Saturday, November 01, 2014

Macho-ism in Computer Science

It's common for me to see blog posts by companies talking about the high traffic volume in terms of QPS/RPS they handle and the amount of data they process, and that's super cool. But then there's another class of facts I see floating around a lot, and they tend to talk about the size of their hadoop or serving cluster, and things like "dozens or hundreds" of machines in your fleet seem to be something to be proud of. I don't understand this way of thinking or at least don't see the point of it. As I see things, it's nicer if you can get more done with fewer machines, and not more machines in your fleet.

Sunday, October 12, 2014

Static To Dynamic Transforms or: How I learnt to stop worrying and love static data structures

Gaurav in his blog post describes in great detail what a static to dynamic transform is, when it is applicable, how to dynamize a static data structure, and the costs of inserting and looking up values in a dynamized data structure (relative to the costs in the corresponding static structure). I'll skip all of that since it's been presented so well in the link above, but will give a short description of the essentials.
  • What is a static data structure? A static data structure is one where it isn't computationally efficient to insert a new element, and typically involves re-building the whole structure to be able to add just one element. e.g. A sorted array. If you want to keep an array of elements sorted, then inserting a single element could involve shifting all the elements one place to the right.
  • What is a dynamic data structure? A dynamic data structure is one where adding a single element is computationally efficient, and doesn't involve touching every element in the data structure. e.g. A height-balanced binary search tree. Inserting a single element in a height-balanced binary search tree involves O(log n) node rotations. See this page to read more about the differences between static and dynamic data structures.
  • What is the amortized insertion time to insert an element in a dynamized sorted array? Inserting a single element into a dynamized sorted array costs O(log n) per insertion.
  • How much extra space do you need to dynamize a sorted array? You need O(n) extra space to dynamize a sorted array, since you need intermediate storage space when merging parts (levels) of the dynamized data structure.
  • What is the query time in a dynamized sorted array? Searching for an element in a sorted array costs O(log n), whereas searching in a dynamized sorted array costs O(log2 n).
We can see that the overhead of dynamizing a sorted array is something we can live with. In fact, it's almost unbelievable that we can dynamize a sorted array by paying only as much as an O(log n) overhead per insertion, and an O(log n) overhead per query.

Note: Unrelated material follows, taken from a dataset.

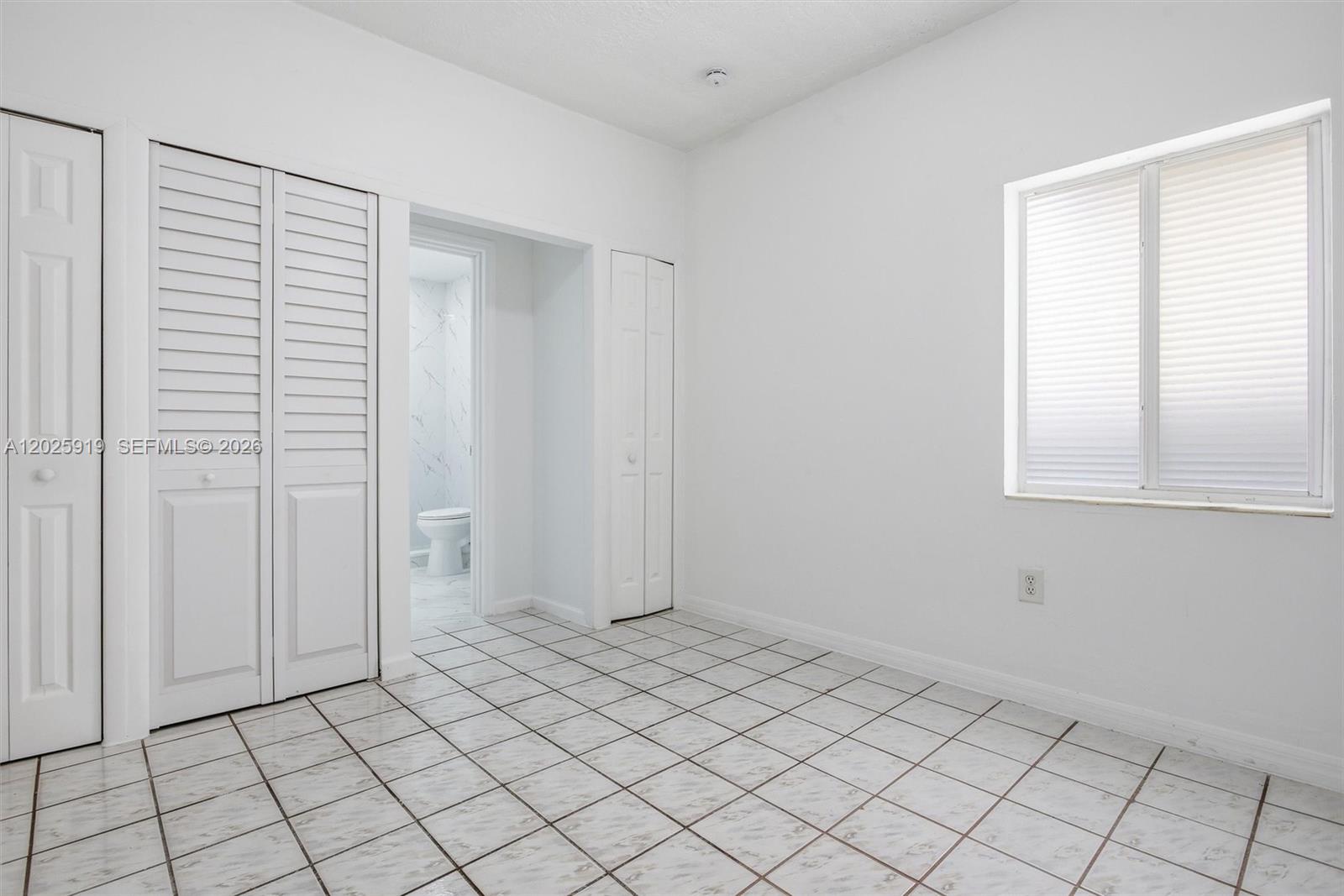1743 Southwest 17th Street, Unit 1 Miami, FL 33145 - Photo 15 of 32 a view of an empty room and window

Static to Dynamic transforms in practice: Consider that you're working with an inherently static data structure such as the SSTable (Sorted String Table), and that your system must maintain all its data as part of some SSTable. In such a case, inserting even a single row means that you need to rebuild the new SSTable which contains all the rows from the previous SSTable plus the newly inserted inserted row. This obviously means that the cost of inserting a single row can be linear in N, N being the number of elements in the newly created SSTable. This is extremely undesirable since it means that inserting N elements into the system will cost O(N2).

This is exactly where the Static To Dynamic Transform comes in super handy. You just apply the transform, and almost magically, you've gone from an overall running time of O(n2) down to O(n log n) for inserting n elements into the data structure.

Saturday, October 11, 2014

Deamortizing disk writes during log rotation

According to this page on deamortization, "deamortization refers to the process of converting an algorithm with an amortized bound into one with a worst-case bound."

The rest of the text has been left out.